# Does matrix A belong to span(A_1,A_2, )

1. Mar 17, 2005

Please excuse the lack of latex, I'm in somewhat of a hurry and I do not have the time to lookup the latex syntax for matrices. With that out of the way, here is my question?

For an upcoming test question we were given example questions that may or may not appear on the test.
One question was given as:

Does matrix A belong to span(A_1,A_2,A_3)
A_1 = (1 2)
(3 4)
A_2 = ....
A_3 = ....

or for which values of $$\alpha$$
--------
NOTE:
The syntax of A_1 is just what I'm using it to make it readable, thus:
a_11 = 1
a_12 = 2
a_21 = 3
a_22 = 4
--------

So, as you can see the question is not really detailed. It's just to give us an idea of the question. If the question was something like:

does $$\vec{V}$$ belong to span(A_1,A_2) where A_1=(1,4,3)^T , A_2=(-2,-1,0)^T

Then I definitely understand how to solve the problem. I'm just confused with the comment of, does this matrix belong, and where A_1 will equal something like:
(a b)
(c d)

Would it make sense to solve the problem like this:
* If we use the given problem above.
----
Does matrix A belong to span(A_1,A_2,A_3)
A_1 = (1 2)
(3 4)
A_2 = ....
A_3 = ....
----
* Then write A_n as a vector like:
Does the matrix A (where A=something like (a1,a2,a3,a4)^T ) belong to span(A_1,A_2,A_3)
where A_n = something like (a,b,c,d)^T

Ok, sorry if this is confusing... I just feel like I don't understand well enough what the question is asking. Also, one last thing... when someone says span(A_1,A_2)
where A_1 = (a b)
(c d)
does that mean that A_1 is in the vector space R^4 and is that the same as R^(2x2)?
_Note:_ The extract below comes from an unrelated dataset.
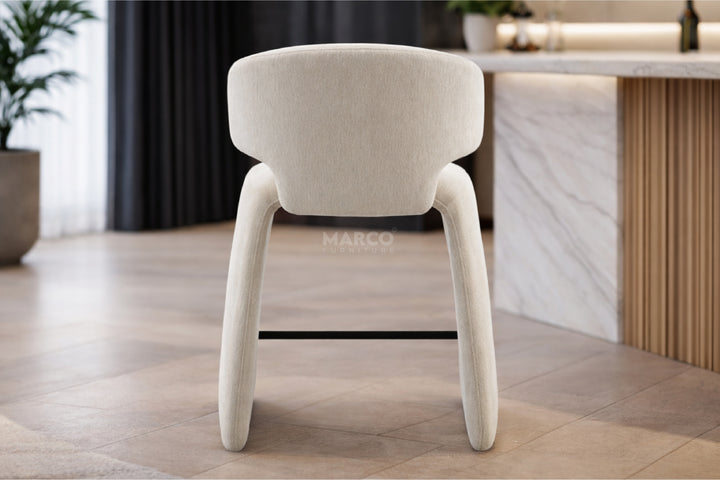 Luxe Fabric Bar Chair - Upholstered Bar Stool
thank you. and again I apologize for not using tex. (i'm just in a hurry here)
:)
thanks guys

2. Mar 17, 2005

### HallsofIvy

Actually, any 2 by 2 matrix can be considered to be in R^4 which is, of course, the same as R^(2x2) because 2x2= 4! To say that A belongs to the span of A1, A2, A3 means that A is a linear combination of A1, A2, and A3. that is that A= aA1+ bA2+ bA3 for some numbers a, b, c. Since, in this example every matrix has 4 components, this gives 4 equations for the 3 numbers a, b, c. The fact that 4 "independent" equations in 3 unknowns does not necessarily have a solution is what leads to the question about whether that is possible at all.

3. Mar 17, 2005

### AKG

A matrix is a vector in the sense that the set of (m x n) matrices form a vecto space. Just check for yourself (check the rules for addition and scalar multiplication). So, to see if a vector v is in Span{v1, v2, ..., vk}, see if you can find a linear combination of the vi such that v equals it, i.e.

$$v = a_1v_1 + \dots + a_kv_k$$

In your case, the $a_i$ will probably be real numbers, and v and the $v_i$ will be 2x2 matrices. This will give you 4 equations (one equation for the 1,1 element of v = the 1,1 element of the linear combination, one equation for the 1,2 element of v = the 1,2 element of the lin. comb, etc.) with k unknowns (a1, ..., ak). If a solution for the ai exists, it is in the span.

And yes, you could treat the 2x2 matrices as elements of R^4. They are NOT the same, but expressing the matrix:

(a b)
(c d)

with respect to the standard basis will give you the co-ordinates (a, b, c, d) which looks just what you're used to seeing when you talk about vectors of R^4. Note that really, (a, b, c, d) is not a vector of R^4, but an expression of a vector (in some 4-dim vector space) with respect to some basis. And, of course, R^4 is the same as R^(2x2) since 2x2 = 4 ;).

4. Mar 18, 2005

Ok awesome, I definitely understand the problem now. Yeah, one would think that $$\Re^{2 \times 2}$$ would be equal to $$\Re^{4}$$ since 2x2=4 :) But sometimes I think math notation can be confusing, such as:

$$sin^{-1}(x) \neq \frac{1}{sin(x)}$$

- or -

$$y=x^2$$
$$y'=2x=2x^1$$
yet then someone could then use: $$x'$$ as a variable, and it has no relation to the derivative.

- or -

$$\frac{\partial^2}{\partial x^2} \neq \frac{\partial}{\partial x} \times \frac{ \partial}{\partial x}$$

etc... I mean yes you can definitely get used to it, and it works. But I'd just rather ask a question instead of assuming something. :)

so anyways, thank you... I appreciate it.